*WHAT THE EXERCISE ASKS*:
Your response should match the records line for line.

(Saved entries)
▽

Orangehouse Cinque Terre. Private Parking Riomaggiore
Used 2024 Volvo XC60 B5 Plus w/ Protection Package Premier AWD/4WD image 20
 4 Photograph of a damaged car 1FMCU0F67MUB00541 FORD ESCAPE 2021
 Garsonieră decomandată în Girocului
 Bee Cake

△

*YOUR SOLUTION*:
Orangehouse Cinque Terre. Private Parking Riomaggiore
Used 2024 Volvo XC60 B5 Plus w/ Protection Package Premier AWD/4WD image 20
 4 Photograph of a damaged car 1FMCU0F67MUB00541 FORD ESCAPE 2021
 Garsonieră decomandată în Girocului
 Bee Cake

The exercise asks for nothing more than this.